Space scientist Kathryn Flanagan to deliver 2008 McDonnell Lecture March 27

Kathryn Flanagan, Ph.D., senior scientist and head of the James Webb Space Telescope (JWST) Mission Office at the Space Telescope Science Institute, will deliver the 2008 McDonnell Lecture at 7 p.m. Thursday, March 27, in Room 214 Wilson Hall on the Danforth Campus at Washington University in St. Louis.

Flanagan will speak on “The James Webb Space Telescope: A Window to the Past.” Sponsored by the McDonnell Center for the Space Sciences, the lecture is free and open to the public.

Scientist Kathryn Flanagan, an expert in space mission development and instrument engineering, will speak on the James Webb Space Telescope, scheduled for launch in 2013.

Scientist Kathryn Flanagan, an expert in space mission development and instrument engineering, will speak on the James Webb Space Telescope, scheduled for launch in 2013.
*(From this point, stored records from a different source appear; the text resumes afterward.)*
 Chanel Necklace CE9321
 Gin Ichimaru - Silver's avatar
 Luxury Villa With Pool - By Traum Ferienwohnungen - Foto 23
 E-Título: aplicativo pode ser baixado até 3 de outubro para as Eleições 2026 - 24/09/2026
Flanagan is responsible for the development and operations of the JWST Science and Operations Center at the Space Telescope Science Institute, located in Baltimore, Md.
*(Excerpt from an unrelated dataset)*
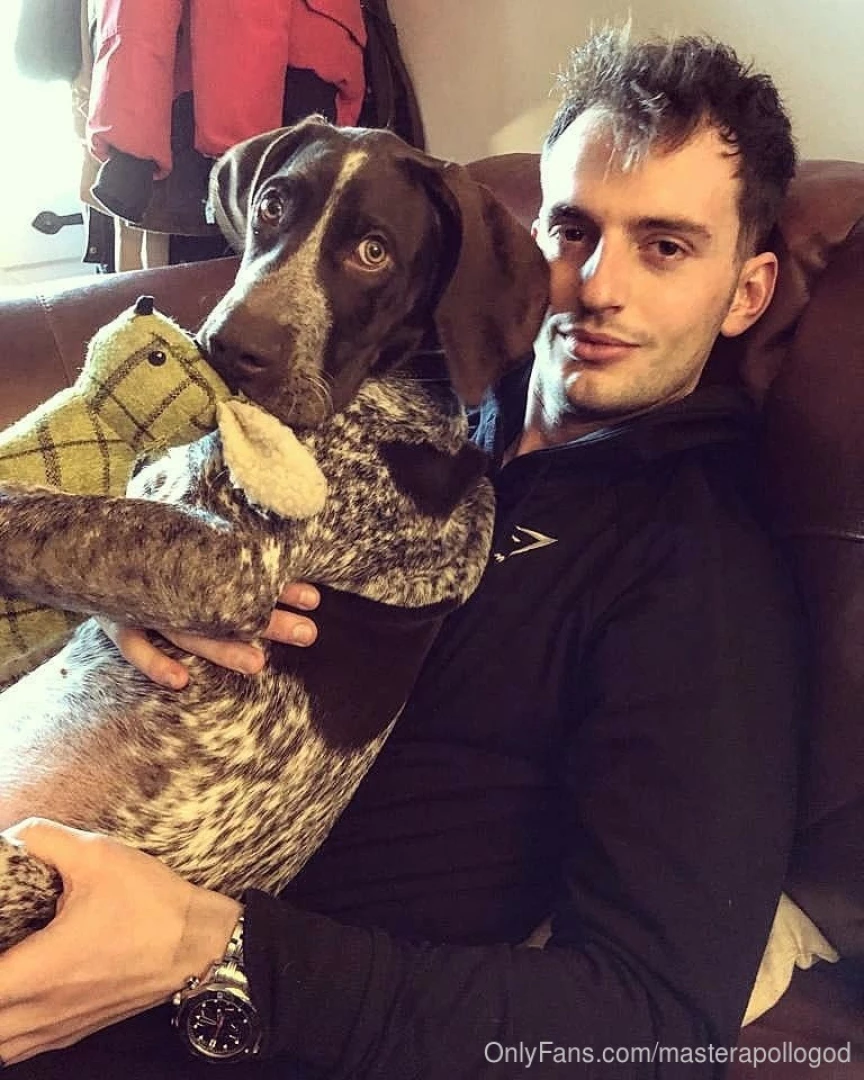 Who wants cuddles next lifestyle pic 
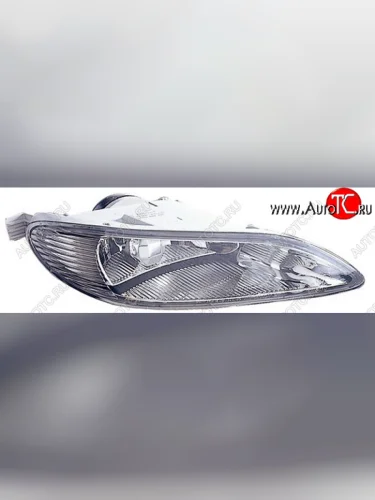Противотуманная фара правая CHINA Toyota Camry XV30 дорестайлинг (2001-2004)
Formerly a member of the science research staff at the Harvard-Smithsonian Center for Astrophysics and at the Massachusetts Institute of Technology (MIT), Flanagan has worked on NASA flight instruments for the Einstein Observatory, the Chandra X-ray Observatory, and the future mission Constellation-X.

Prior to earning her Ph.D., Flanagan worked for two years as a Peace Corps volunteer teaching math and physics in the Democratic Republic of Congo. She also served as director for education and public outreach for MIT’s Kavli Institute for Astrophysics and Space Research.

Flanagan has participated in NASA’s advisory structure, co-chairing strategic planning documents and serving on the Astrophysics Subcommittee. She recently joined the Space Telescope Science Institute to lead the JWST mission office.

While at WUSTL, Flanagan also will meet with 50 St. Louis-area high school students and teachers as part of the university’s science outreach efforts.

Flanagan earned her bachelor’s and doctoral degrees in physics at MIT, where she began working in the field of X-ray astronomy, with a special interest in supernova remnants and the development of new instruments for space. She also holds a master’s degree in physics from New York University.

The James Webb Space Telescope is a large, infrared-optimized space telescope scheduled for launch in 2013. It will study every phase in the history of the universe, ranging from the first galaxies formed by the Big Bang to the formation of solar systems capable of supporting life on planets to our own solar system. The Webb Telescope will detect star clusters formed from some of the universe’s first stars, giving it the nickname “the first-light machine.”

The telescope’s instruments are being designed to work primarily in the infrared range of the electromagnetic spectrum, with some capability in the visible range.

JWST will have a large mirror measuring 21 feet in diameter and a sunshield the size of a tennis court. The telescope will reside in an orbit about 1 million miles from the Earth.

WUSTL’s McDonnell Center for the Space Sciences supports and stimulates scientists to work on fundamental problems in space sciences and astro-particle physics, transcending borders between scientific disciplines.